### Instructions to follow
Write out the entries below exactly, but only from the line containing "Nóż Santoku VINGA Tara / Czarny VG562-03" through the line containing "champú anticaida 400 ml", and without the pictures.

### Exercise data
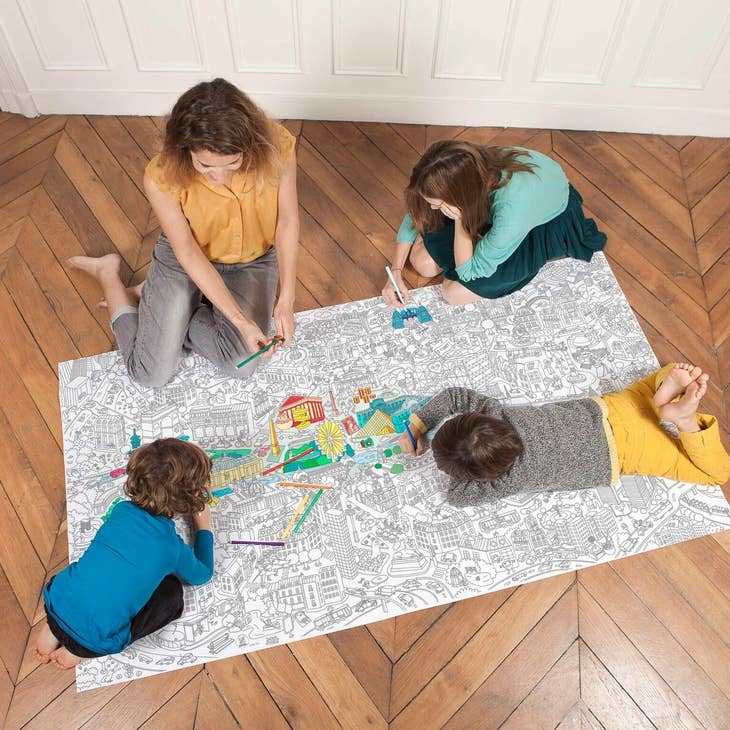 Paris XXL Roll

---

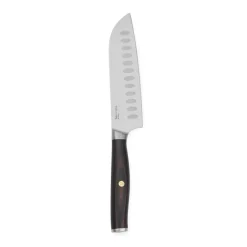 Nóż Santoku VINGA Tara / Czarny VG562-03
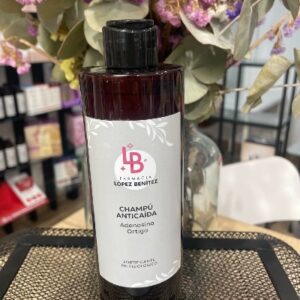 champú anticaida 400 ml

### Task solution
 Nóż Santoku VINGA Tara / Czarny VG562-03
 champú anticaida 400 ml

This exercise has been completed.